Interviews with losing trainers and their connections the morning after the Derby revealed deep respect for the winner and no desire to face him again soon.

David Carroll, the Churchill Downs-based trainer whose Denis of Cork ran third, said the colt will be pointed toward the June 7 Belmont Stakes (gr. I).

“He came out of the race great,” Carroll said of the colt who finished 3 ½ lengths behind the ill-fated runner-up Eight Belles. “We will watch him the next few days, but he will probably run in the Belmont. Big Brown was very impressive.”

On having his first Derby starter, Carroll said it was “a tremendous thrill – the walkover (from the stable area), the paddock, everything.”

Trainer Barclay Tagg, who won the 2003 Derby with Funny Cide, said both fourth-place finisher Tale of Ekati and Big Truck, who was 18th in the 20-horse field, came of out the race with no problems. He said both would return to his base in New York, with Tale of Ekati pointed toward the Belmont. Since Big Truck is a New York-bred, he will be aimed at state-bred grass races.

Recapturetheglory, who acted up in the paddock and the tunnel leading to the track, will rejoin trainer Louie Roussel III’s stable in Chicago and be given some time off. “He had a tough race in the Illinois Derby and a tough race here (in the Kentucky Derby).”

 “He ran most of his race in the paddock,” said Roussel, adding that the colt was upset by noise from the Derby crowd. “Next time, he will wear ear plugs.”

Roussel said winning trainer Dick Dutrow is to be congratulated for the job he performed with Big Brown. “He did a great job.
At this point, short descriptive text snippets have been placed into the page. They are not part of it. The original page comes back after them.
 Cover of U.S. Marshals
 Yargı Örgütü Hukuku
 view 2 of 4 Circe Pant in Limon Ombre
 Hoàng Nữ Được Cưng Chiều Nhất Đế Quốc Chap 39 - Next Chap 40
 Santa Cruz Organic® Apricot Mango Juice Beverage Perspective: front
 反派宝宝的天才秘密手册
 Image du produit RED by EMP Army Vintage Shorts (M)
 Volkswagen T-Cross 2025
He knows his horse.”

Trainer Eoin Harty said plans for sixth-place finisher Colonel John have not been determined, but that he is “probably not going to Baltimore” for the Preakness. “He (Colonel John) had a pretty rough trip, but that’s the Derby,” Harty said.
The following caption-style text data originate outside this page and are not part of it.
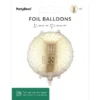 Rund Folieballong You Are The Best 35 cm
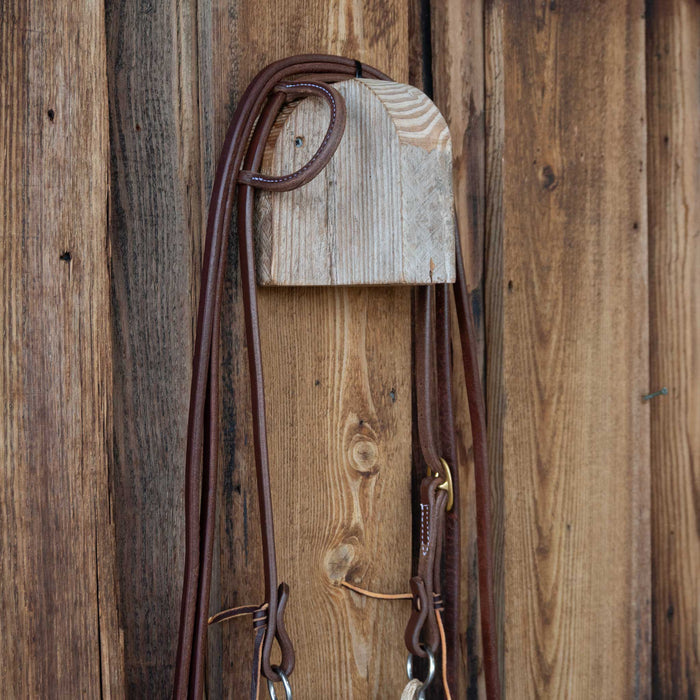 Don Hansen Correction Bridle Rig w/All New Leather
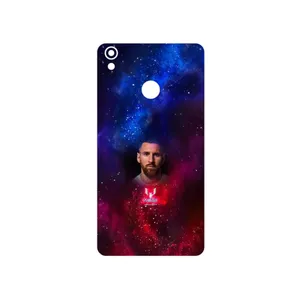 MAHOOT Lionel Messi 1 Cover Sticker for Tecno Camon CX Air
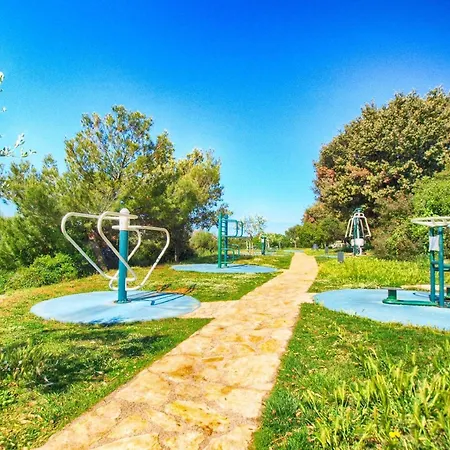 Fuer 2 Personen Ca 24 Qm In Pjescana Uvala, Istrien Istrische Riviera Apartment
Mike McCarthy, assistant to trainer Todd Pletcher, told Churchill Downs communications representatives that Cowboy Cal (9th) would go to Stonerside Farm for a break from competition and that Monba (20th) would return to Pletcher’s stable in New York.

Churchill officials also said Smooth Air, the 11th-place finisher who was treated for an infection a week before the Derby, would be given some time off by trainer Bennie Stutts Jr.

Trainer Michael Matz said Visionaire (12th), who came out of the Derby fine, would return to the Fair Hill Training Center “for a little bit of rest.”

Adriano (19th) will also return to Fair Hill, with trainer Graham Motion pointing him toward grass races. He said one possibility is the Virginia Derby.

Considering the lack of Derby starters moving on to the second leg of the Triple Crown, the Preakness will be comprised of new shooters.

On Maryland Jockey Club’s Mike Gathagan short list of Preakness contenders are: Behindatthebar, El Gato Malo, Kentucky Bear, Tres Borrachos, Giant Moon, Stevil, Yankee Victor, and Harlem Rocker a possibility.